Mississippi’s governor, Ronnie Musgrove, would not comment on Slay’s decision.

But Michael Hill, president of the League of the South, was glad to. “A slap at Southerners in general,” he grumbled.

His group is still pushing for the South to secede from the United States. So Hill had to admit to some ambivalence about Slay’s move. On the one hand, his members have no desire to call those who shun the Confederate symbol fellow citizens. So he was tempted to say “good riddance” to St. Louis. On the other hand, he itched to defend Mississippi’s right to be in a display of national flags.

“As long as we’re in this forced union [with the rest of the states],” Hill said, “we will take a stand to protect our symbols.”

(If the mayor is scouting for a compromise, he might do well to take a cue from New York Gov. George Pataki. Although he removed the Georgia flag from the New York Capitol in 1997, calling its Confederate emblem a “symbol of hatred for all Americans,” Pataki did not cut the state out of Albany altogether. Instead, he ordered a blue banner emblazoned with Georgia’s seal to fly in place of the flag he deemed offensive.)

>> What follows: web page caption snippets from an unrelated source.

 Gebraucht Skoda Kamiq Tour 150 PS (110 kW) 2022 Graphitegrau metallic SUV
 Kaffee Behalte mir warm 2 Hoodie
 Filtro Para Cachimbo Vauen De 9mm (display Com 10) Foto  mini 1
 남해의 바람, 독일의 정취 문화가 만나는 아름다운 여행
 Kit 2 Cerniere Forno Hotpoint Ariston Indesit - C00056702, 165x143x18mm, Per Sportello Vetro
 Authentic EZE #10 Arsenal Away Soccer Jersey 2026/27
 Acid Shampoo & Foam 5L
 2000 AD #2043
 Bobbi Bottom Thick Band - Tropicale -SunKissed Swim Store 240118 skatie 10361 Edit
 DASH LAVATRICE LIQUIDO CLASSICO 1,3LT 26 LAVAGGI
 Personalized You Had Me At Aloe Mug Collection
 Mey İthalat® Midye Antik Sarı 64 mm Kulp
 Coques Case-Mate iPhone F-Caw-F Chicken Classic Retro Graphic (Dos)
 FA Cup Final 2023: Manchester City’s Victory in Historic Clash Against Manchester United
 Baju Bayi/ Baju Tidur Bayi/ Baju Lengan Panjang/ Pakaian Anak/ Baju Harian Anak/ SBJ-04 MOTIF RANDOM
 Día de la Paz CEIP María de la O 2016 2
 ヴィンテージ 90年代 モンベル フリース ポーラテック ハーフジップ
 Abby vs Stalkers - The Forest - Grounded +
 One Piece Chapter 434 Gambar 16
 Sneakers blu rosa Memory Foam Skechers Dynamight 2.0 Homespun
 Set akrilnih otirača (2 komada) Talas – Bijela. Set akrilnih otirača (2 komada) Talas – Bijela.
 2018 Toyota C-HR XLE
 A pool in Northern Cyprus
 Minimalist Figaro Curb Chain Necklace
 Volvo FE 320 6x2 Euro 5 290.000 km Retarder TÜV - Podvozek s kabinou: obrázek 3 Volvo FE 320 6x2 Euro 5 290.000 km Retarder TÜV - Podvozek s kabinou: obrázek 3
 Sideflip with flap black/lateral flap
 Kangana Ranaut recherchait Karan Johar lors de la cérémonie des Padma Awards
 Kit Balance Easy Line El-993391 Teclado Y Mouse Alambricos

While St. Louis’ flag flap has provoked a largely negative public reaction, Slay has won some quiet support from civic leaders eager to bring blacks and whites together to improve the city.

“My own view is that symbolic gestures of this kind work,” said Sheila Stix, who heads the St. Louis Black Leadership Roundtable. The flags had never offended her personally. In fact, she had never noticed them. Still, she was pleased that Slay had. “It is meaningful. It helps.”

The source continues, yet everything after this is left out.